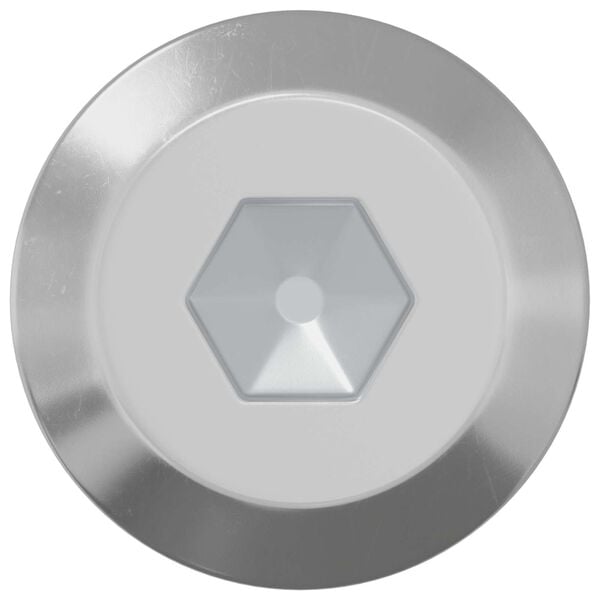 vidaXL Vis 2 pcs Argent&eacute; M6 x 60 mm Acier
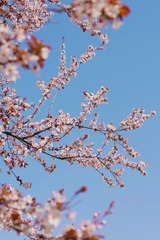1C713BF3-0015-4783-9F2F-BF49CCE71877/L0/001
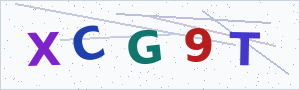 Güvenlik Doğrulama Kodu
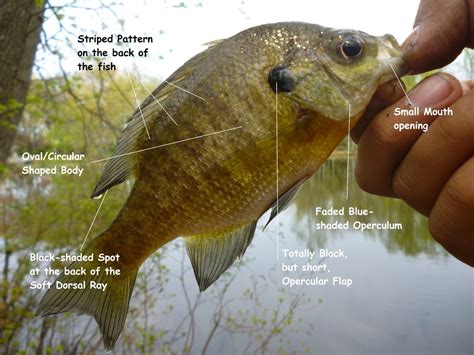 Bluegill Sunfish - Fishes of Boneyard Creek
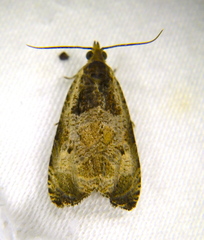 Olethreutes punctanum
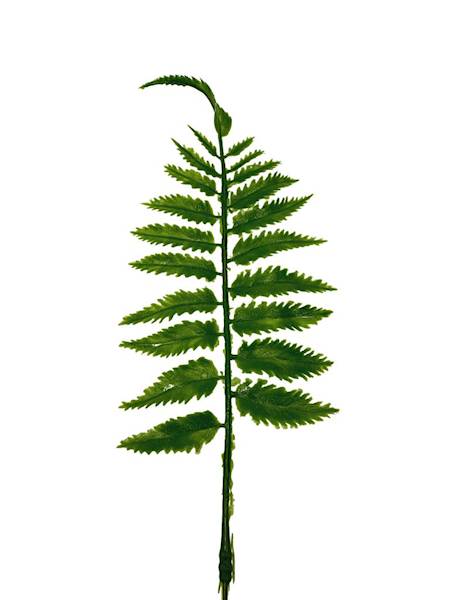 Paprotka liść 35 cm zielone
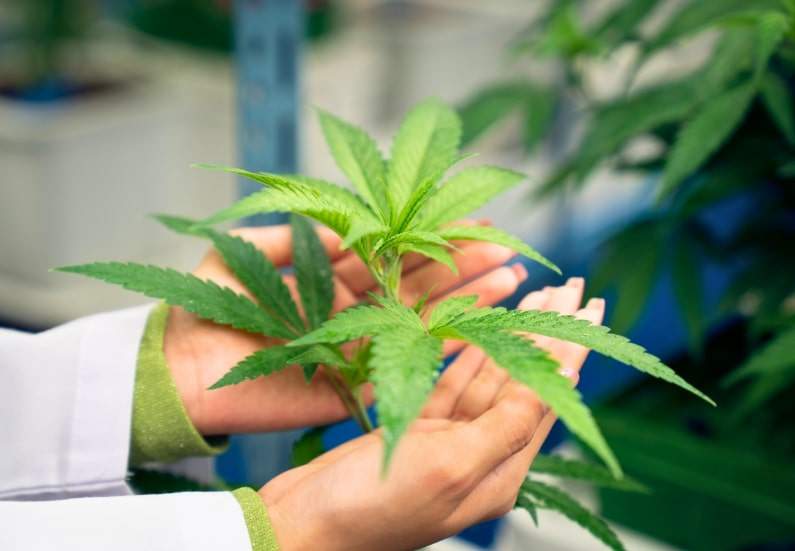 Marijuana Plant Pest Control: Prevention and Management.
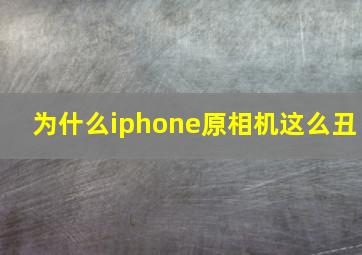 为什么iphone原相机这么丑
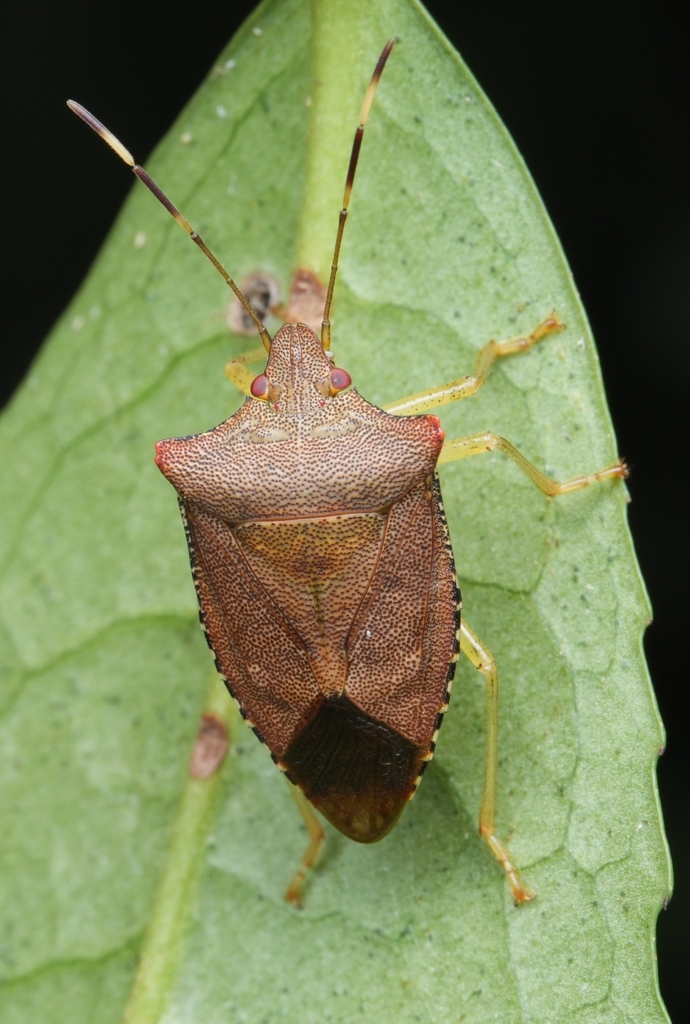 Pentatoma taibaiensis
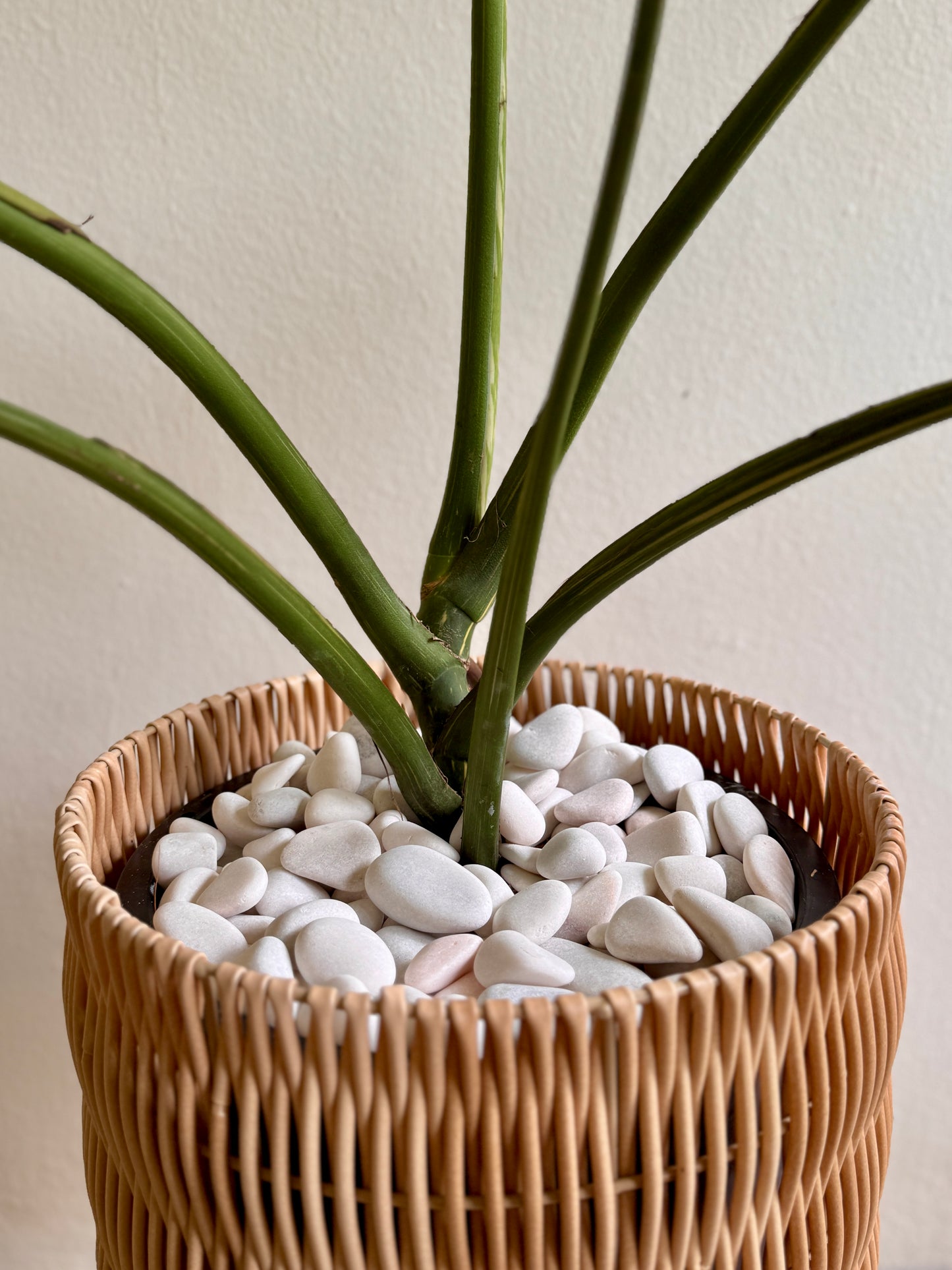 Monstera Thai Constellation (XL Size)
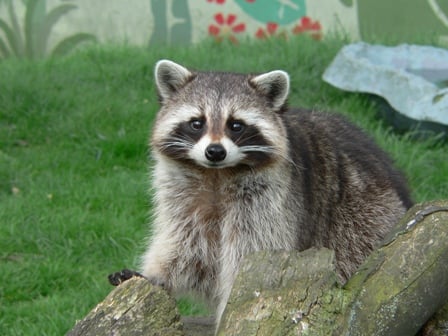 cute raccoon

▶ [YOUR TASK]: Give again, word for word, the line that contains "1C713BF3-0015-4783-9F2F-BF49CCE71877/L0/001" and every line after it through the end of the entries; omit the pictures.

▶ [ANSWER SECTION]:
1C713BF3-0015-4783-9F2F-BF49CCE71877/L0/001
 Güvenlik Doğrulama Kodu
 Bluegill Sunfish - Fishes of Boneyard Creek
 Olethreutes punctanum
 Paprotka liść 35 cm zielone
 Marijuana Plant Pest Control: Prevention and Management.
 为什么iphone原相机这么丑
 Pentatoma taibaiensis
 Monstera Thai Constellation (XL Size)
 cute raccoon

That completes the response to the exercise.